WHAT TO PRODUCE »
Exactly reproduce the lines of the listing below from the one containing "Skin Diamond has" through the one containing "Restaurant and hotel". Skip the images.

RECORDS SUPPLIED »
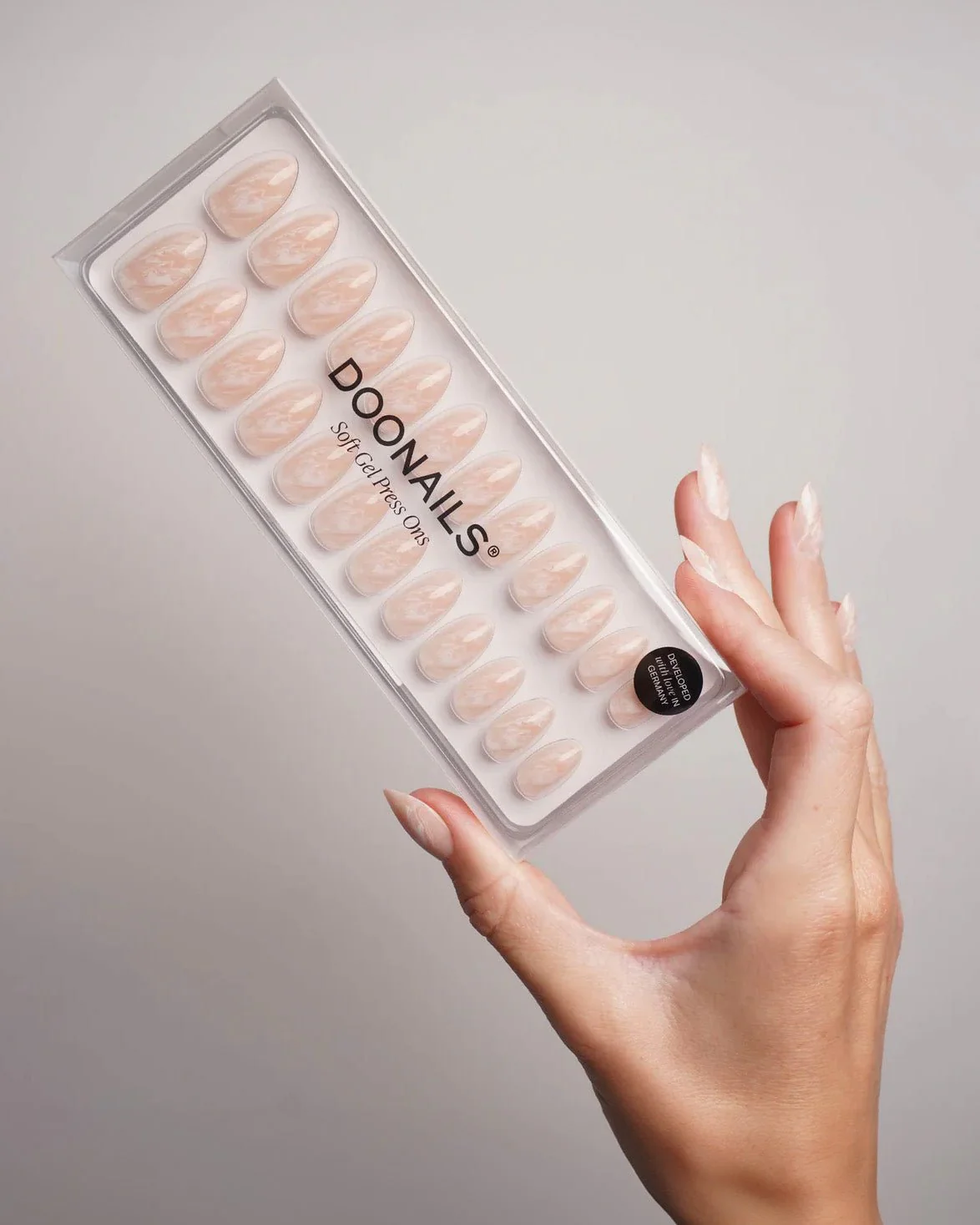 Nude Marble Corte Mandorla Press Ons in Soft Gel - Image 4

* * *

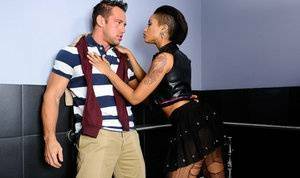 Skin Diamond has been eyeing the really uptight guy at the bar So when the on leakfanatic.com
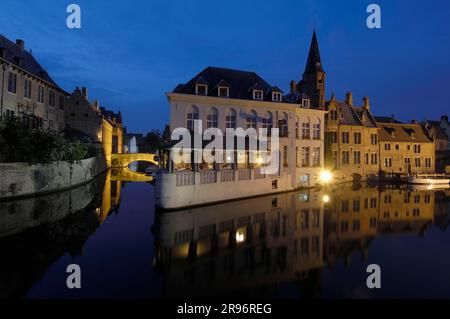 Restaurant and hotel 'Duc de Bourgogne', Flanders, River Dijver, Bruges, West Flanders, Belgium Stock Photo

* * *

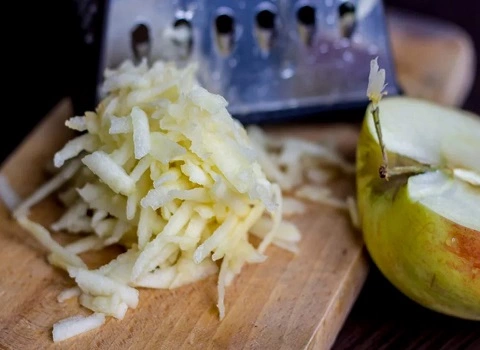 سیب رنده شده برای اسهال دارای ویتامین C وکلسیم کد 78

OUTPUT OF THE TASK »
 Skin Diamond has been eyeing the really uptight guy at the bar So when the on leakfanatic.com
 Restaurant and hotel 'Duc de Bourgogne', Flanders, River Dijver, Bruges, West Flanders, Belgium Stock Photo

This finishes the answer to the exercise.